身体をぶつけ合うフォワード第3列の先発には、試合翌日に25歳となる徳永祥尭、24歳の松橋周平、21歳のラーボニ・ウォーレンボスアヤコが並んでいた。いずれも今季初めてスーパーラグビーに参戦する若手で、テストマッチ(国際真剣勝負)の経験者も松橋のみだった。
前列5選手のスターターなかでも、前年度以前のスーパーラグビー経験者は2人。田中は接点脇の司令塔と同時に、希少な経験者としての振る舞いも求められていた。

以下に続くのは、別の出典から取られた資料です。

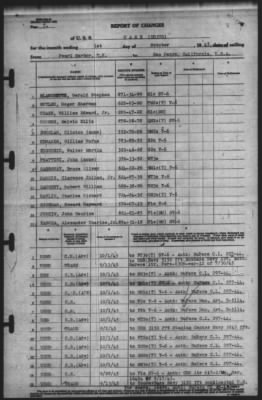 Thumbnail for Report of Changes > 1-Oct-1945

経験の少ない選手の潜在能力を引き出すために、どんなことを心がけたのか。試合前日の共同取材時、その要諦を明かしていた。
以下、共同取材時の一問一答の一部(編集箇所あり)。
――初勝利へのポイントは。
「コミュニケーションですね。ここを止めれば。ここでパスがつながれば。そういうところでミスをしたていり、人数が足りなかったりというところがあるので。僅差のところ。自分たちがしんどくても、相手は身体が大きいだけ自分たちよりもしんどいと思う。そこをイメージしながら、戦っていければ」
――戦術理解度は。
「皆、理解はしているんですけど、自分から(周りを引っ張る)というのができていない。そこは経験ある選手が(その都度大事なことを)伝えて行ければと思います。気になった選手には、1人ひとり声掛けをしています」
――ウォーレンボスアヤコ選手について。
「彼はポテンシャルがある。この試合で自分に自信をつけてもらえれば、世界で活躍する選手になれると思います(結局、先制トライを決めた)」
――若手選手に向けて。
「年齢は関係ない。トク(徳永)は自信を持ってプレーしているし、ボニー(ウォーレンボスアヤコ)は少し(戦術などを)理解できていないところもありますけどプレー自体はすごい。思い切りやって欲しいです」
――経験の浅い選手を、どう引っ張りますか。
「やっぱり、コミュニケーションですね。何人か、静かな選手もいるので、その選手に声をかける。その選手は、プレー自体は激しい。彼らとしっかりとコミュニケーションを取って、プレーをしやすい環境を作ってあげるのが僕の仕事かなと思います」
――合間、合間で発破をかけ、背中を押す。
「そうですね」
戦前の決意は、結果を残したことでより説得性を帯びることとなった。4月14日、クルセイダーズとの第8節でも田中は先発予定。ニュージーランドはクライストチャーチ・AMIスタジアムでの一戦において、その存在感は増すばかりだろう。